▶ Recorded data:
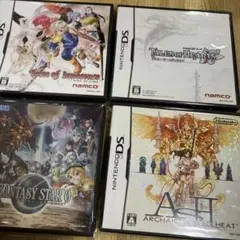ニンテンドーDS RPGソフト 4タイトルセット　テイルズ2本　その他2本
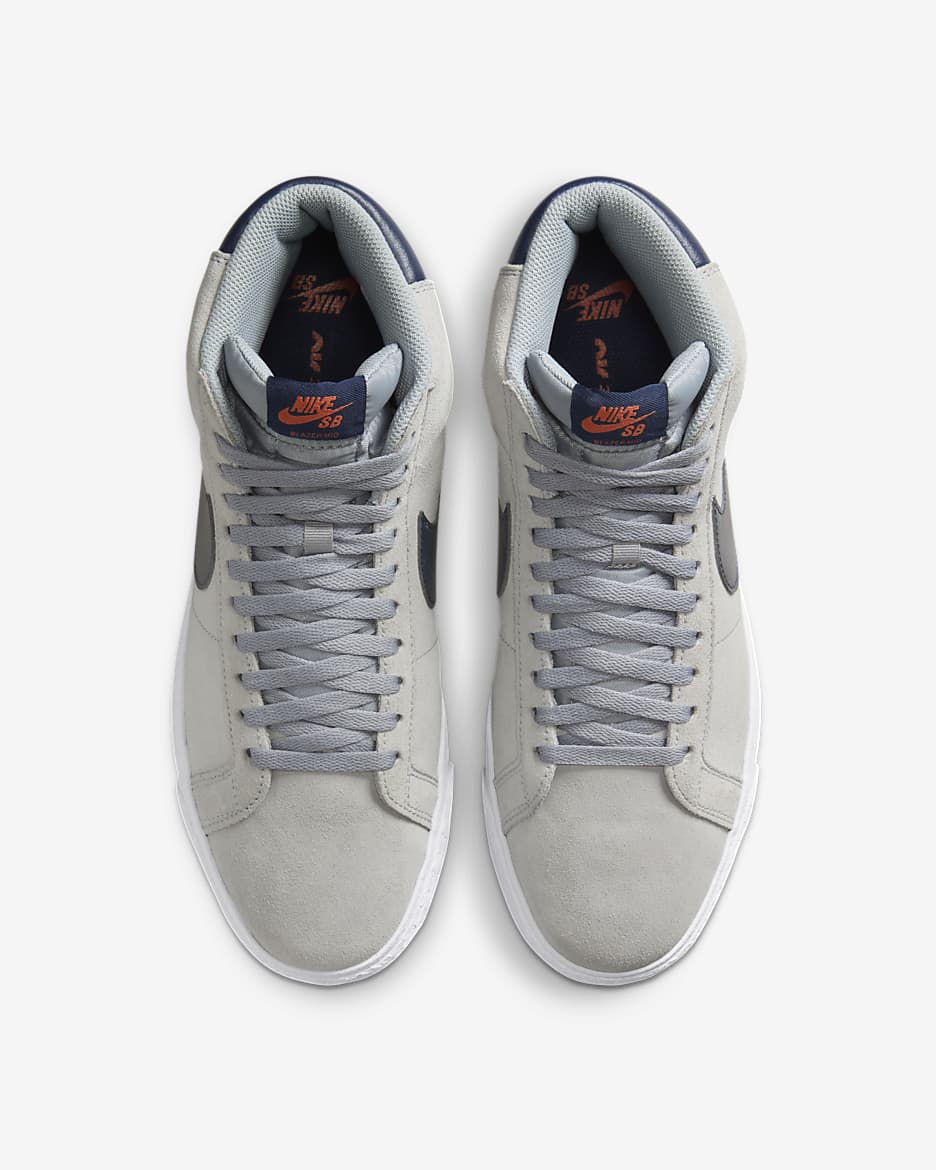 Nike sb blazer hombre plata on sale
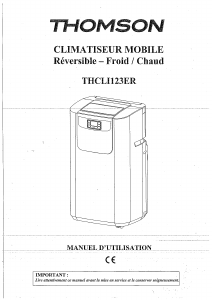 Mode d’emploi Thomson THCLI123ER Climatiseur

▶ Problem to work on:
Only the lines between the one containing "Nike sb blazer hombre plata on sale" and the last line of the listing above, both included, should be written out, exactly and without pictures.

▶ Exercise solution:
 Nike sb blazer hombre plata on sale
 Mode d’emploi Thomson THCLI123ER Climatiseur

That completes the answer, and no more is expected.